Former New York City Mayor Ed Koch, left, and former Las Vegas Sun staffer Ed Koch.

Ed Koch dies at 88

 In this March 23, 2010 file photo, former New York Mayor Ed Koch speaks during a publicity event in New York. Koch says he and has his New York Uprising group are securing commitments from several candidates for governor to improve the critical redistricting process if elected. Launch slideshow »

I’d love to have a nickel for every time someone has asked me if I were related to the former mayor of New York, Ed Koch.

No. I only have the same name, I’d find myself constantly explaining. We’re not even distant cousins. He’s Jewish. I come from a long line of Catholics. His last name is pronounced cotch while mine is cook. His middle name is Irving. Mine’s Bryce. He’s quite homely, while I’m …well, you get the idea.

Ex-Mayor Ed Koch died Friday of congestive heart failure in his native New York. He was 88.

Although we never met, our paths did sort of cross once in my duties as a Sun reporter, including a futile effort to track him down for an interview after he made an ill-advised – make that really stupid – comment about Nevada.

It was the mid-afternoon of June 4, 1986, when then-assistant Sun City Editor Jerry Ralya called me to his desk and handed me a wire story about Koch addressing the New York Citizens Crime Commission on the city’s ever-burgeoning drug trafficking problem.

The story quoted Koch as saying that those who were caught selling drugs in New York should be rounded up and put in a “barbed-wire tent camp in the Nevada flats.”

“If we can quickly localize this we’ll have our banner for tomorrow’s paper,” Ralya said. “You’ve got three hours (before deadline). Get cracking. This should be easy for you. After all, aren’t you Mayor Koch’s second cousin?”

“No, boss, I’m not…”

Hizzoner’s opinion did not set well with Nevada leaders, who were struggling with addressing Las Vegas’ growing drug problem and did not need New York’s busted drug dealers as our “guests.”

“The mayor’s comments are in very poor taste,” then-Clark County Commissioner Thalia Dondero told me. “He can keep New York drug pushers there and we’ll take care of ours here. We don’t need him telling us how to do it.”

Then-County Manager Pat Shalmy, making reference to plans to dump radioactive nuclear waste at Yucca Mountain, quipped: “We now have a fourth site we can recommend for a nuclear repository – New York City.”

The banner story in the June 5, 1986, Sun editions read: “Koch selects Nevada for dope dump,” by Ed Koch, Sun staff writer.

Our switchboard got at least 20 calls that day from readers asking if Koch was related to Koch.

And I knew that calling the New York City mayor’s office to try to get Koch on the phone would be probably harder for me than anyone else.

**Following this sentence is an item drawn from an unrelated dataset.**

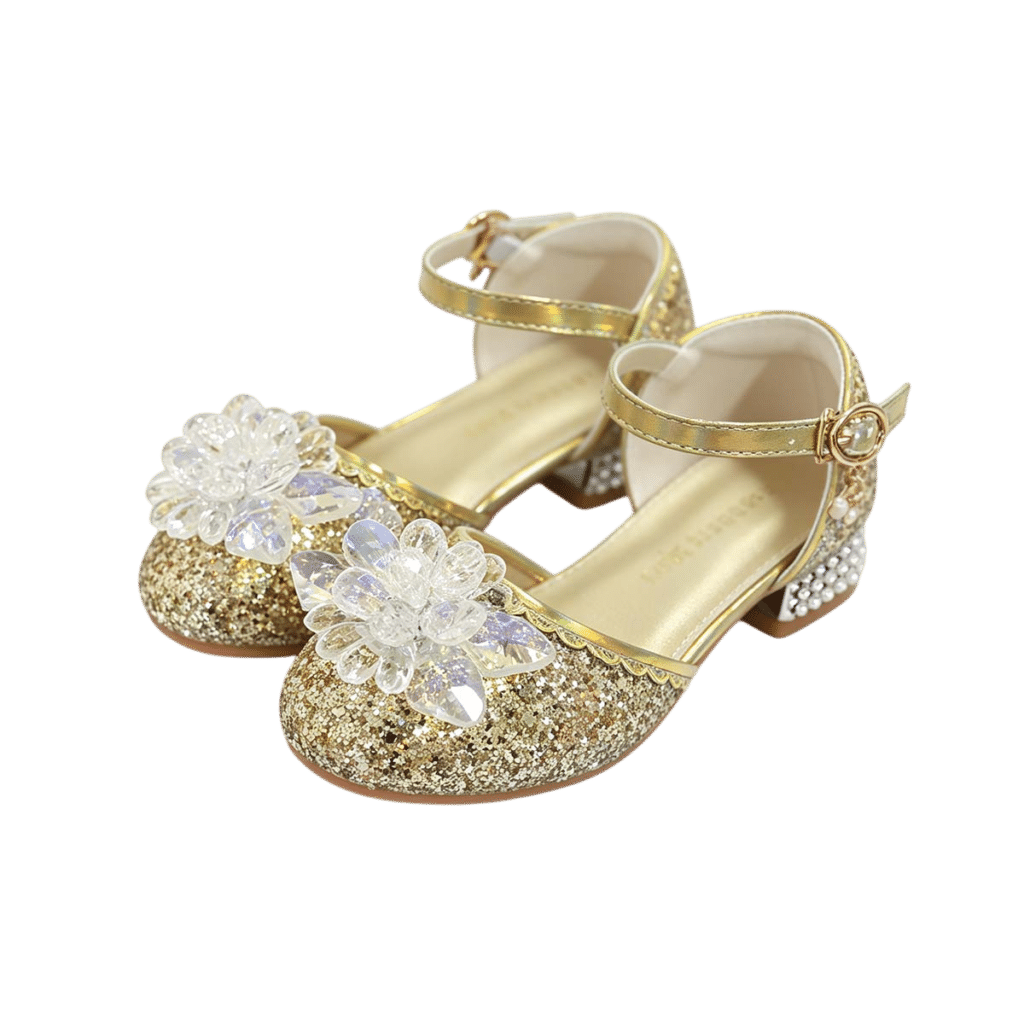 Gouden prinsessenschoentjes met hakjes, glitters, bloemenversiering en enkelbandjes.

A secretary asked me for my name, affiliation and phone number for someone to call me back.

“It’s Ed Koch – that’s E-D K-O-C-H.

“No sir. Not the mayor’s name. Your name please.”

“That is my name! It’s the same name as his. It’s my curse! I’ve had that name for 29 years!”

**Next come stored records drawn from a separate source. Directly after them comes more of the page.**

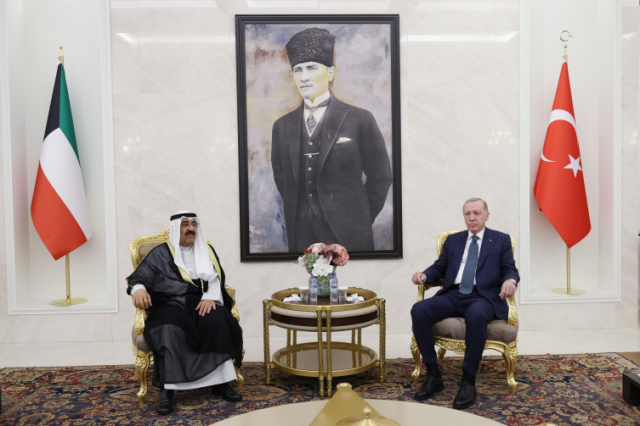 Kuveyt Emiri Türkiye'de! Cumhurbaşkanı Erdoğan havalimanında karşıladı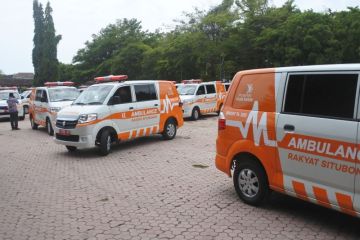 Pemkab Situbondo distribusikan mobil ambulans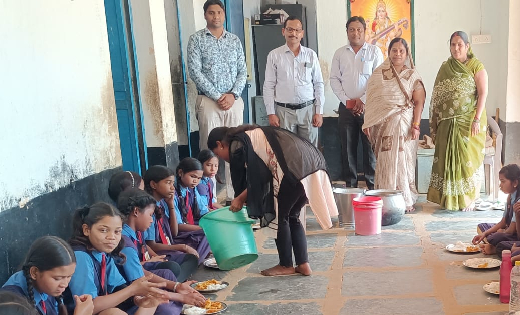 सरायपाली : जन्मदिन के शुभ अवसर पर रिमजी में पुनः न्योता भोज ... - CG Sandesh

About an hour later, I got a call from one of Koch’s aides, Tom Kelly.

“The mayor was serious about the proposal,” Kelly told me. “(He cited) that it is a lot cheaper to put drug dealers in the (Nevada) desert … than to build a 16-story jail (in New York).”

He added that the mayor’s comments “were not meant to make Nevada a dumping ground for drug pushers. The mayor meant no disrespect to Nevada. He loves the state.”

In fact, Kelly said, Nevada “just popped into” Koch’s mind and was not included in the mayor’s printed text for that speech.

With today’s headlines prompting some concerns among old friends, I’d like to report that I am not yet dead.

RIP Ed Koch.

Ed Koch is a former Las Vegas Sun reporter.